The Syrian Observatory for Human Rights claimed the attack killed six people - four regime soldiers and two Iran-backed fighters.
The missiles struck warehouses and sites linked to Iran-backed militias.
The strikes also caused material damage near the capital, Sana news agency quoted a military source as saying.
Israel regularly strikes Iran-linked sites in neighbouring Syria, including munition facilities near the capital.
Damascus shot down several missiles during the attack, it added, while an AFP correspondent reported hearing explosions near the capital.
Israel rarely publicly acknowledges such operations but has repeatedly warned it would act against growing Iranian influence in the region.
Israel has struck Syria 22 times this year, SOHR said, killing 59 people.
It said 24 of the dead are regime soldiers, while 22 were foreign nationals, part of Iran-affiliated militias.

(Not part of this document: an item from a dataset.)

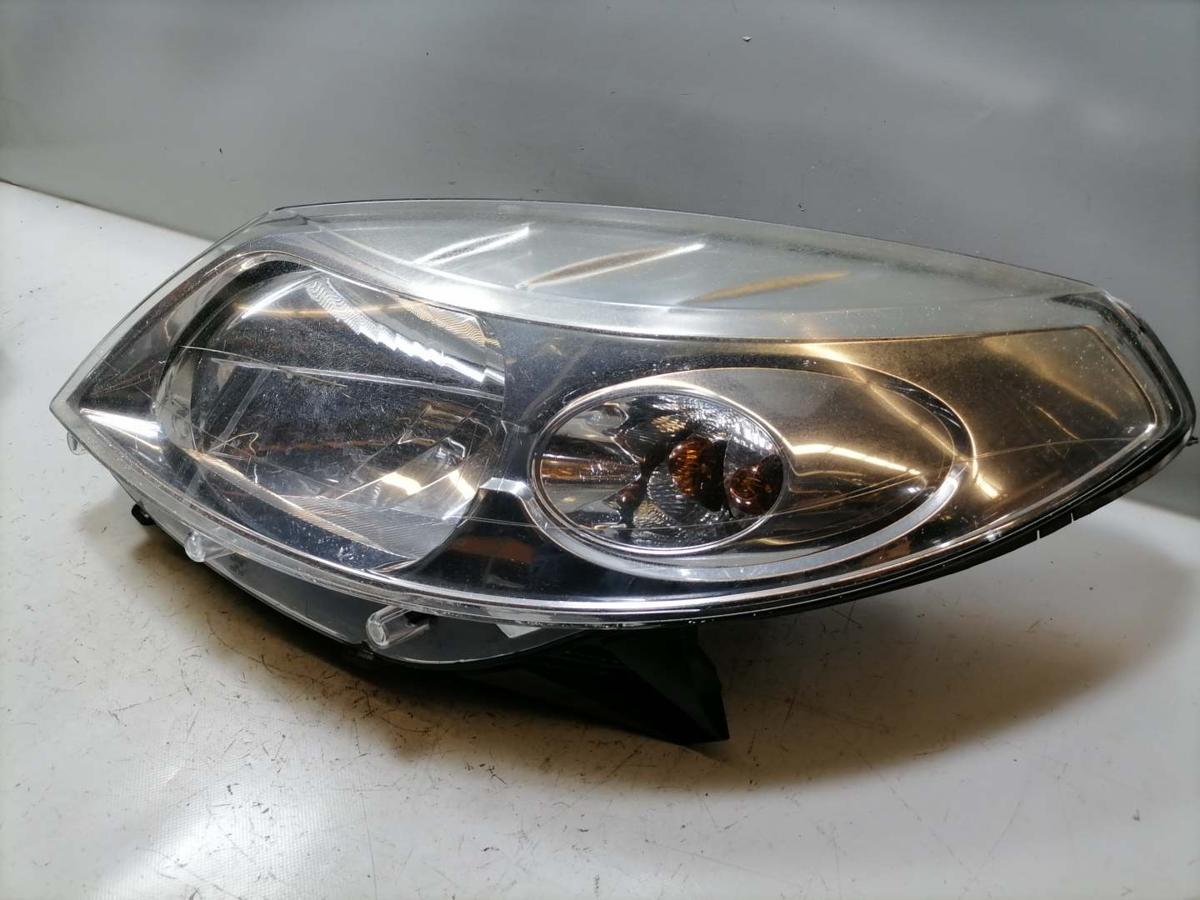 Dacia Sandero original Scheinwerfer links Halogen obehalb leicht vergilbt Bj.2009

Six members of Iran's Islamic Revolutionary Guard Corps and two civilians have also been killed in Israeli strikes, according to the human rights monitor.
On July 19, Israeli air strikes near Damascus killed three pro-government fighters and wounded four others, a war monitor said at the time.
A wave of Israeli air strikes were reported in Homs earlier in July.
An Israeli military spokesman said warplanes targeted a Syrian air defence battery from which an anti-aircraft missile was launched towards Israel.
A strike in May also forced Aleppo airport to close.
Israel's Defence Minister Yoav Gallant said Israeli strikes in Syria have doubled under the new government.
They aim to damage Iran's intelligence capabilities and prevent its Islamic Revolutionary Guard Corps from becoming established near the border with Israel, Mr Gallant told a security conference in May.
Damascus has previously admitted to its soldiers being killed in Israeli strikes.
One soldier was among five people killed in a missile attack on central Damascus in February, while an army colonel was killed in another strike in February.
Tehran's influence has grown in Syria since the conflict started in Syria in 2011.
Iran-linked groups, including Lebanese Hezbollah, have a significant presence in different parts of the country, including areas around the capital Damascus.
In April, the former head of Israel's National Security Council Maj Gen Yaakov Amidror said the country must "prepare for war” with Iran as it continues to grow its nuclear programme, and said it may have to strike its enemy "without American support”.
It was one of several warnings made by Israeli officials against Iran in recent months.
Mr Gallant warned that Iran's growing nuclear enrichment could "ignite the region”.
Israel announced last month that it had shut down a major cryptocurrency network funding Iran-linked groups.
The operation – the first of its kind – targeted digital wallets linked to the Islamic Revolutionary Guard Corp's elite Quds force and Hezbollah, according to Mr Gallant.